● Collected data entries
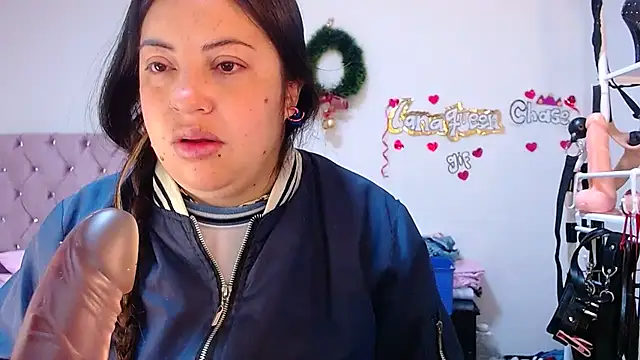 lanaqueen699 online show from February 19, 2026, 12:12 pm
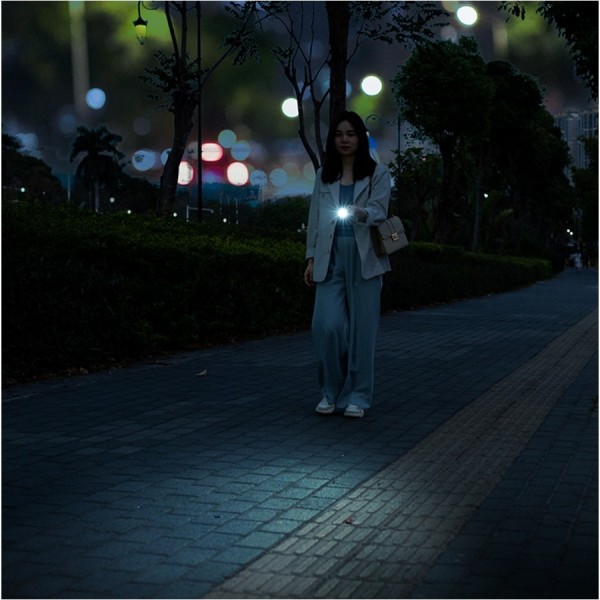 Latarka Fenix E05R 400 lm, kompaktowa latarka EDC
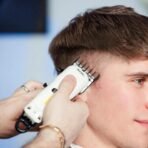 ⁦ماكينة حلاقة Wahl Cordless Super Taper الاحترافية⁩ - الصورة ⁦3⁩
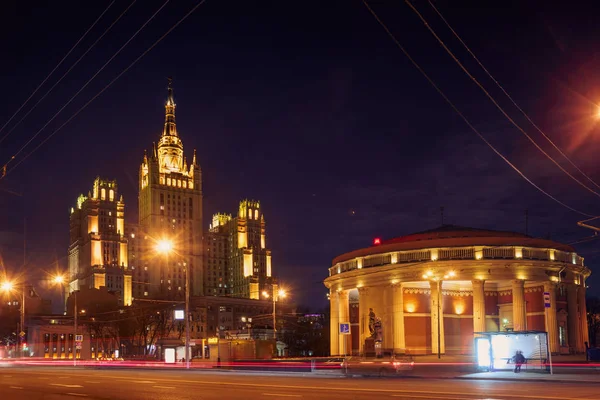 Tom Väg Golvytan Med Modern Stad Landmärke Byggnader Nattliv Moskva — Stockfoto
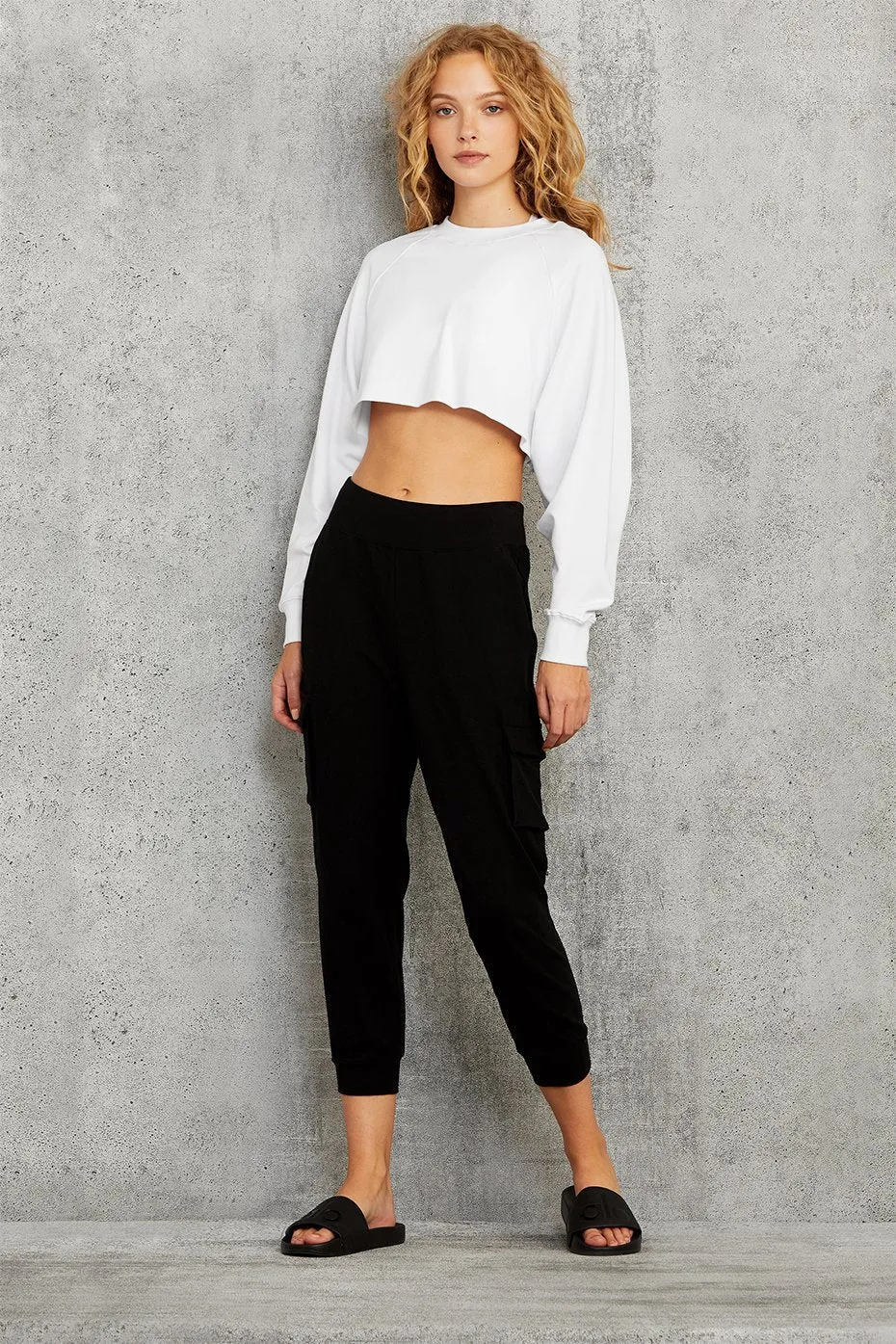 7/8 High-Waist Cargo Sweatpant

● WORK INSTRUCTION
All of the records should be output exactly as they stand, with pictures omitted.

● RESULT OF THE TASK
 lanaqueen699 online show from February 19, 2026, 12:12 pm
 Latarka Fenix E05R 400 lm, kompaktowa latarka EDC
 ⁦ماكينة حلاقة Wahl Cordless Super Taper الاحترافية⁩ - الصورة ⁦3⁩
 Tom Väg Golvytan Med Modern Stad Landmärke Byggnader Nattliv Moskva — Stockfoto
 7/8 High-Waist Cargo Sweatpant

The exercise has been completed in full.